A cena inicial de Kill Boksoon é fascinante. O estilo. A boa e até bem-humorada luta. A interessante perspetiva de predição dentro da cabeça da nossa personagem principal. E a apresentação de uma protagonista que foge em muito aos padrões habituais de estrela de ação.
Comecemos por aí. Jeon Do-yeon é uma consagrada atriz sul-coreana, mais do que experiente noutro tipo de filmes. Já a vimos bilhar em dramas e thrillers, até em comédias e filmes românticos. No entanto, vê-la, aos seus 50 anos, a ser a estrela de um filme de ação é refrescante. É algo novo, mas algo que ao mesmo tempo parece “certo”. Este é, sem qualquer dúvida, o papel que mais dela exigiu fisicamente, mas a atriz não se fez rogada e mostrou estar bem à altura das expectativas, com excelentes lutas coreografadas ao melhor estilo John Wick. Nesta história ela é Gil Bok-soon, uma assassina profissional. Já chegou à elite dos quadros da sua organização e por todos é respeitada, embora, claro, isso traga consigo sempre alguns inimigos. A maior pedra que tem no sapato é Cha Min-hee (Esom), alguém que é nada mais, nada menos do que a irmã mais nova do responsável máximo da organização criminosa, Cha Min-kyu (Sol Kyung-gu). Acontece que Min-kyu é alguém muito próximo de Bok-soon.
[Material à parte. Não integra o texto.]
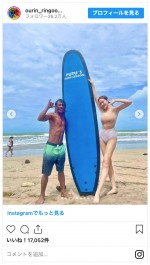 バリ島でサーフィンも楽しんだ王林　※「王林」インスタグラム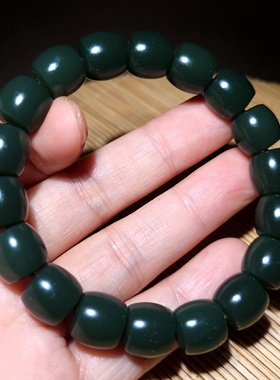 新疆的猫zg121504 53.4克，鲜靓柔美超级油润新疆青玉老型珠手串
Foi ele que a trouxe para a organização e, ao longo dos anos, viu-a crescer, assumindo sempre uma espécie de papel paternal para com ela. Por essa razão, ele acaba sempre por tentar ver o lado positivo das ações da assassina profissional, mesmo que a irmã do próprio o tente sempre “envenenar” com intrigas e boatos. Mas até onde é que esta relação será sustentável?
Essa é apenas uma das histórias principais deste filme. Mas há mais. A relação entre Bok-soon e a sua filha, Gil Jae-young (Kim Si-a), é outro dos destaques. É que Bok-soon é praticamente perfeita no seu trabalho como assassina. Ela persegue, ela luta, ela mata com uma uma precisão e confiança inabalável. No entanto, quando o assunto é cuidar da sua filha adolescente, o caso muda de figura. Como é habitual numa adolescente, Jae-young está-se a descobrir. A descobrir o que são as amizades, a descobrir o que é o amor, a descobrir quem ela é e tambem a descobrir…quem a mãe é. As suas emoções são muitas vezes levadas ao limite e nem sempre faz a coisa certa, a coisa que é suposto fazer. Bok-soon tem dificuldades em lidar com isso. Sendo alguém que profissionalmente segue uma linha muito metódica, é-lhe difícil fugir a isso quando tem que lidar com emoções e com narrativas que fogem ao guião da vida. Ainda a juntar a estas duas linhas narrativas, temos a relação que Bok-soon tem com Han Hee-sung (Koo Kyo-hwan) – seu colega frustrado por ainda não ter chegado ao topo da organização – onde muitas vezes parece uma relação normal entre tantos colegas de trabalho (ou até…algo mais), mas onde há várias nuances que tornam tudo muito especial e até frágil.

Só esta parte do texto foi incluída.